Both ends included, set down the lines from the line containing "(image for) 4" through the last line of the records below, without pictures.

───── GIVEN RECORDS ─────

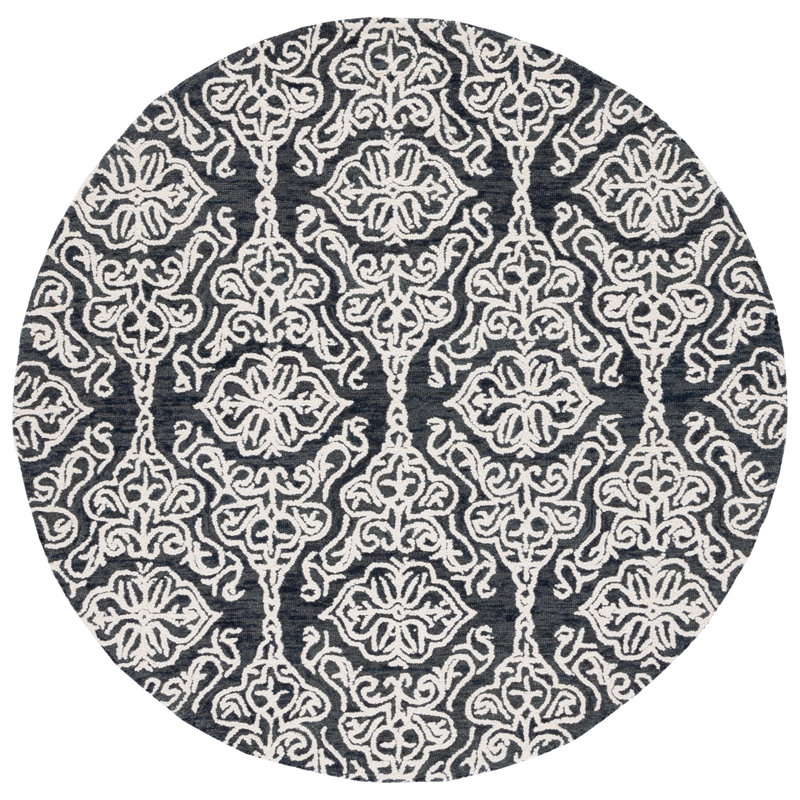 Anjalena Hand Tufted Wool Damask Rug, Round 6'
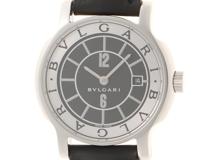 BVLGARI　ブルガリ　時計　ソロテンポ　ブラック文字盤　ステンレススチール/カーフレザー　クォーツ　レディース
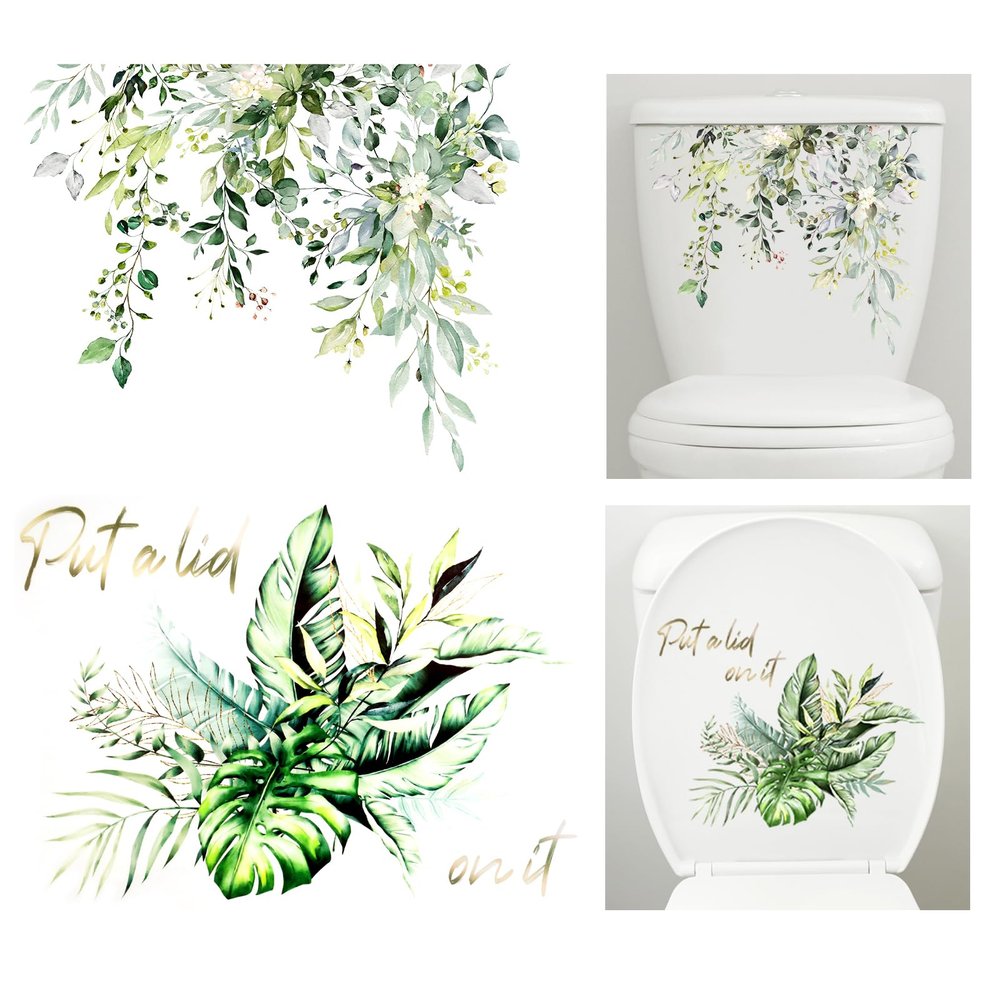 Fumwase 2pcs Toilet Tank and Seat Stickers Set with Different Patterns Self-Adhesive Green Leaf Removable Toilet Stickers Decals Waterproof Toilet Lid Decals for Bathroom Wall Decor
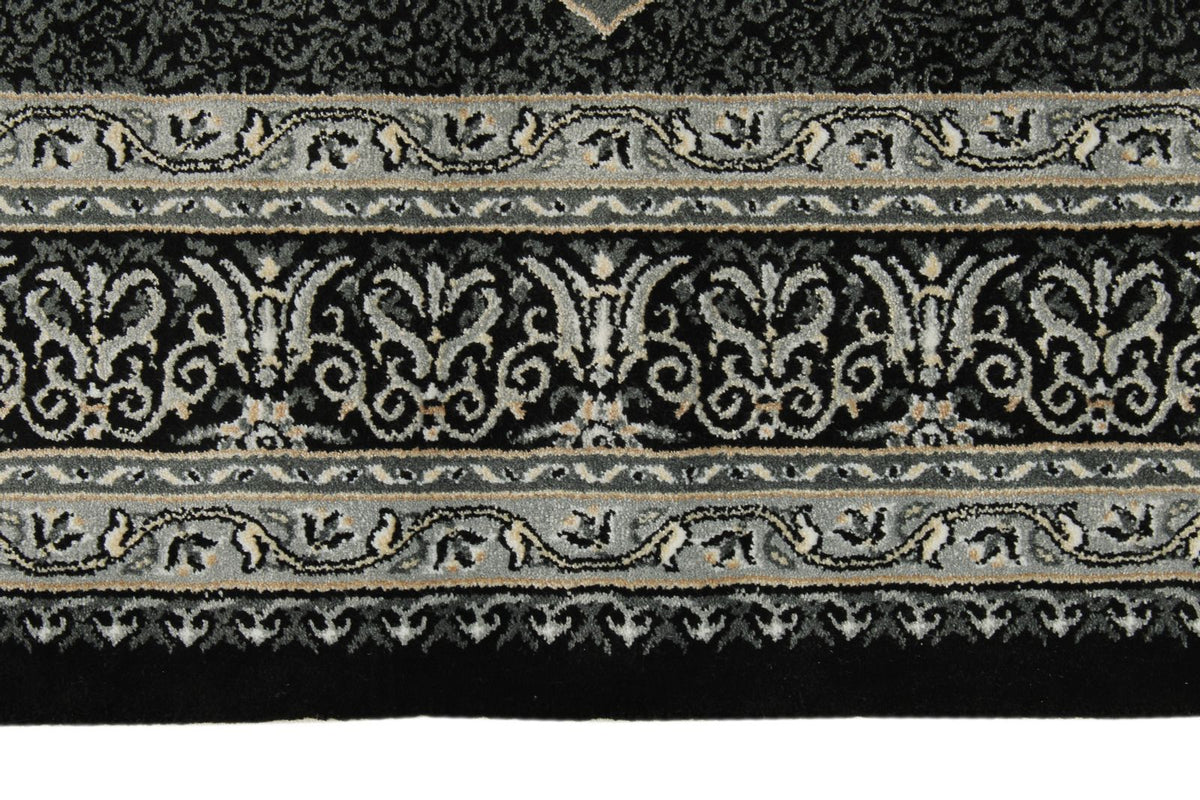 3x5 Black and Ivory Turkish Antep Rug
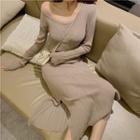 Long-sleeve Glitter Slim-fit Dress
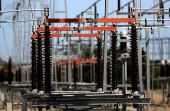 View of electrical sub-station at Spain-France border after blackout, in the village of Santa Llogaia d?Alguema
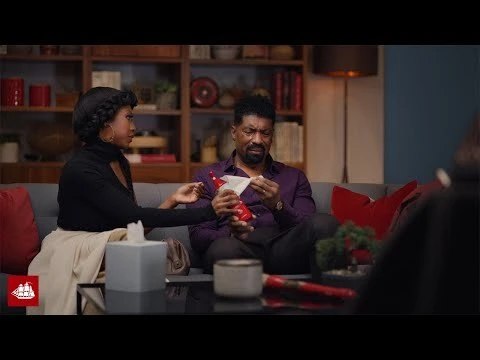 An African American man and woman sit on a couch with a box of tissues and cleaning spray in a modern living room setting.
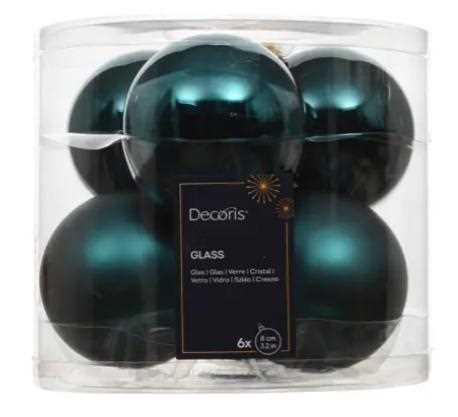 BOX 6 PALLINE NATALE VETRO MIX D.8CM EMERALD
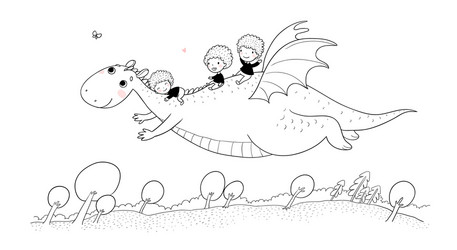 Boy Riding Dragon - Fantasy Adventure Vector Image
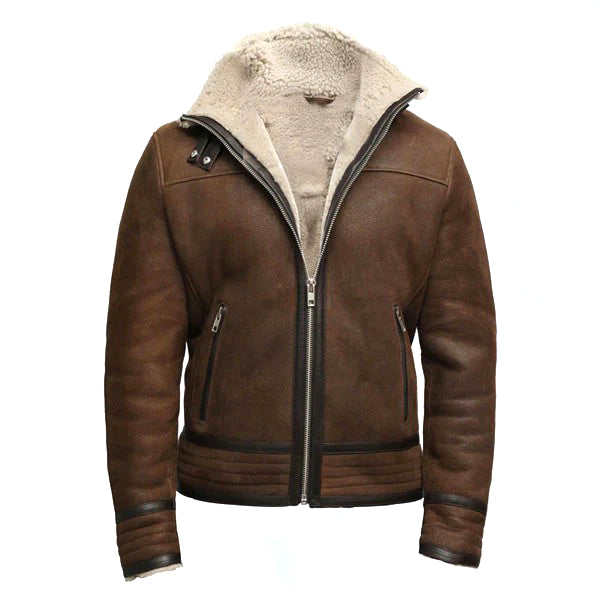 Mens Brown Genuine Shearling Sheepskin Leather Jacket VIntage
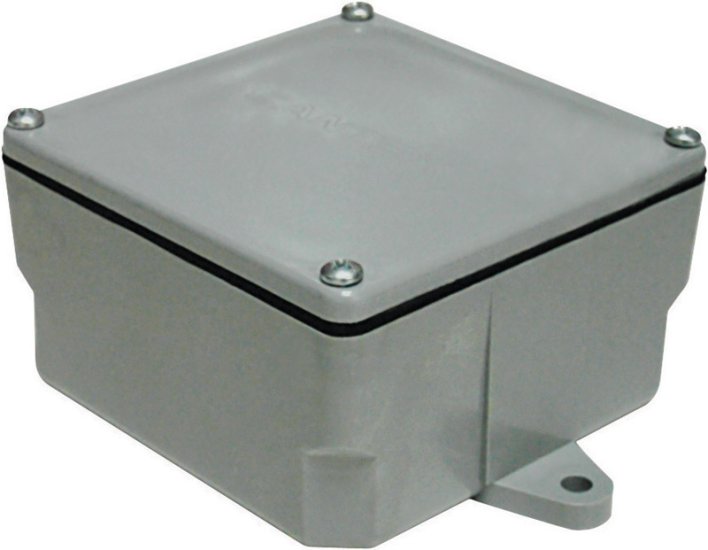 (image for) 4 in. Square PVC 1 gang Junction Box Gray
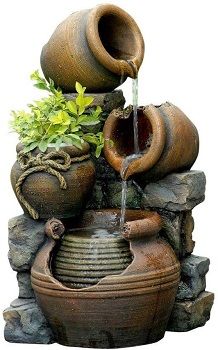 Jeco Multi Pots Outdoor Water Fountain with Flower Pot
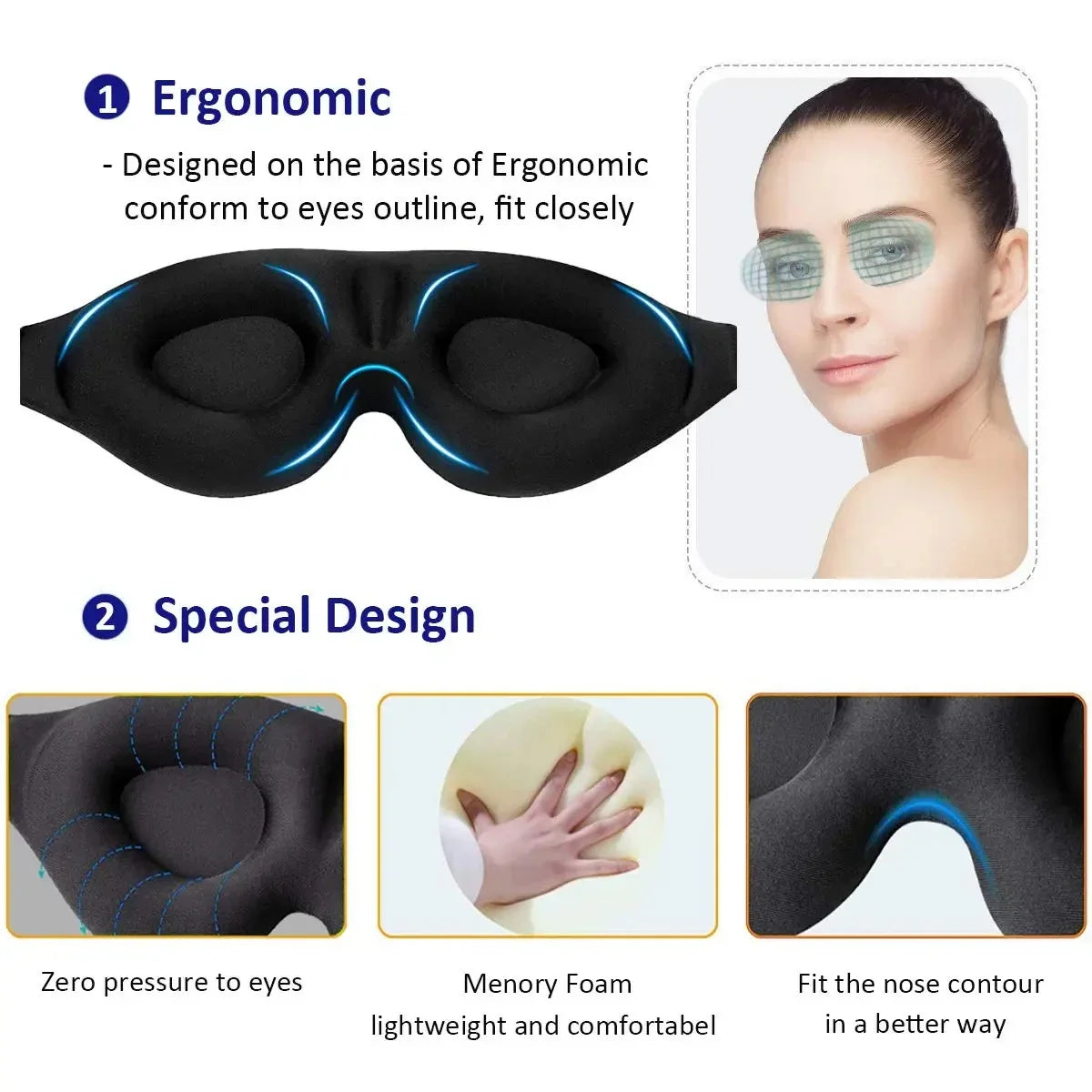 3D Contoured Sleep Eye Mask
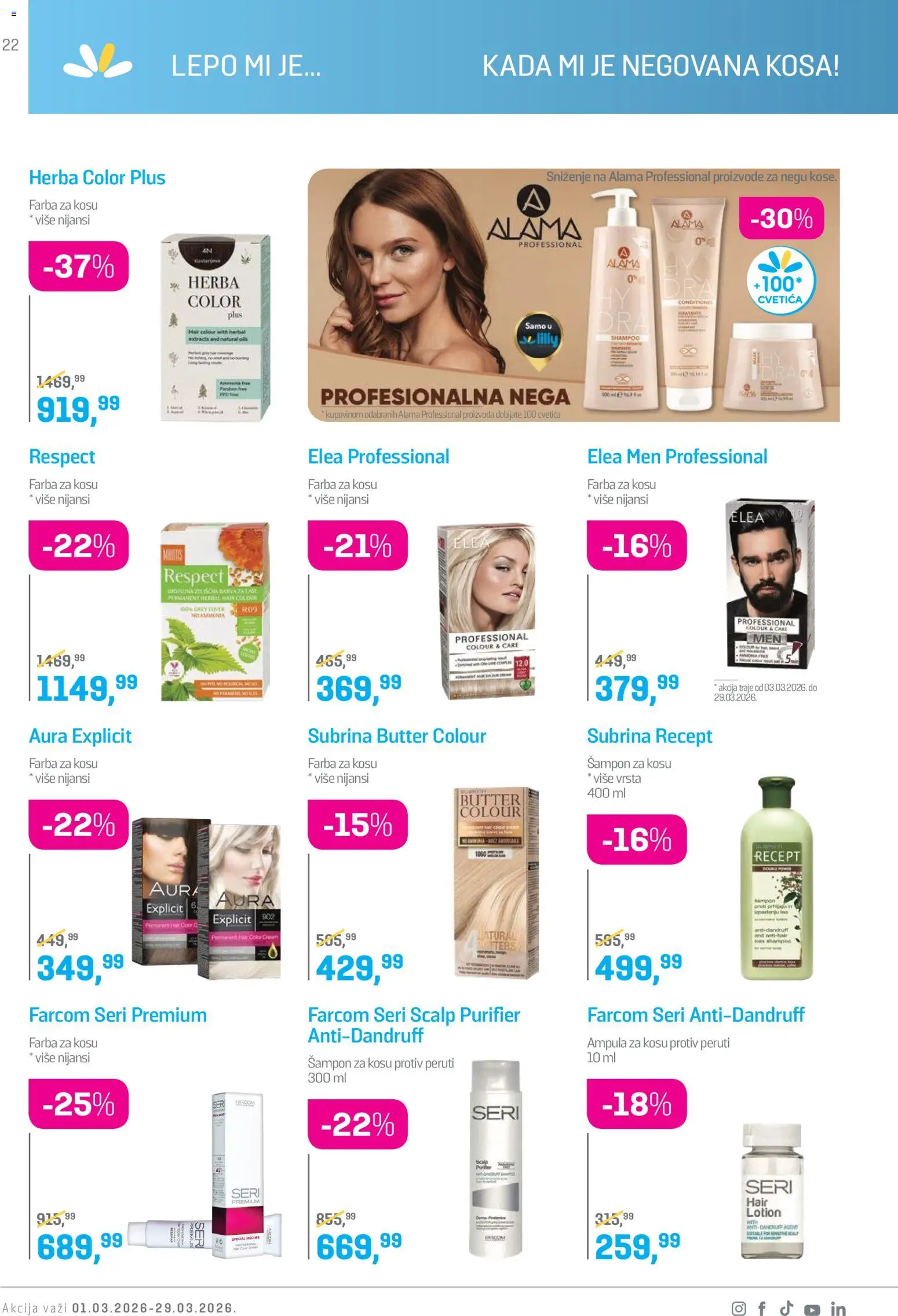 Lilly drogerie katalog - važi od 01.03.2026 | Strana: 22 | Proizvode: Šampon, Farba za kosu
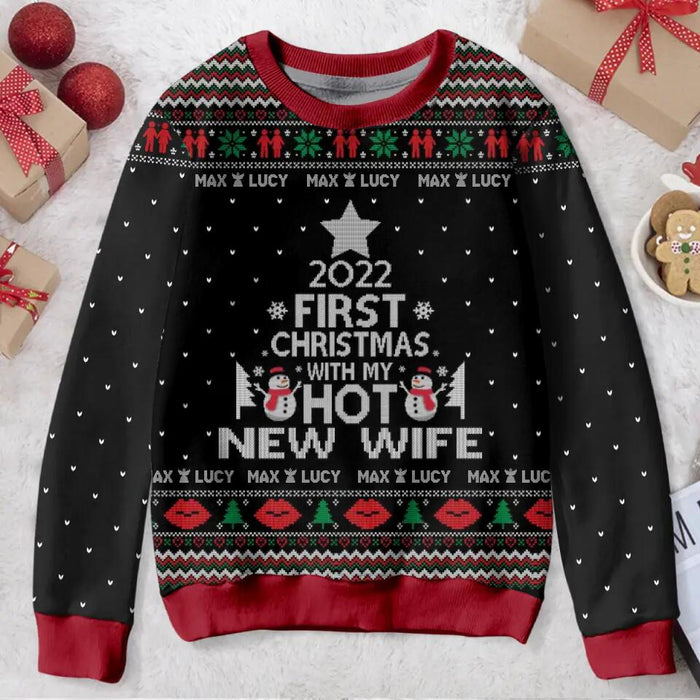 Personalized Couple All-Over Print Sweater - Christmas Gift For Couple - 2022 First Christmas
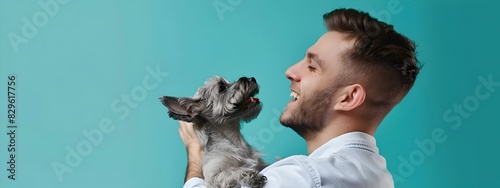 Joyful Young Animal Breeder Devotedly Caring for Furry Friends on Colorful Backdrop photo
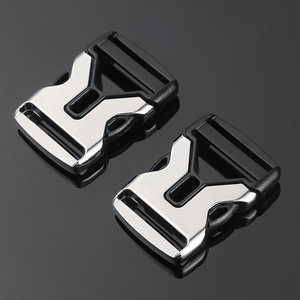 Hebilla de Doble Punta Jiuyuan de Aleación de Zinc, Plateada y Negra, Ajustable, para Accesorios de Bolsos - Product Image 1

─────

EXPECTED ANSWER:
 (image for) 4 in. Square PVC 1 gang Junction Box Gray
 Jeco Multi Pots Outdoor Water Fountain with Flower Pot
 3D Contoured Sleep Eye Mask
 Lilly drogerie katalog - važi od 01.03.2026 | Strana: 22 | Proizvode: Šampon, Farba za kosu
 Personalized Couple All-Over Print Sweater - Christmas Gift For Couple - 2022 First Christmas
 Joyful Young Animal Breeder Devotedly Caring for Furry Friends on Colorful Backdrop photo
 Hebilla de Doble Punta Jiuyuan de Aleación de Zinc, Plateada y Negra, Ajustable, para Accesorios de Bolsos - Product Image 1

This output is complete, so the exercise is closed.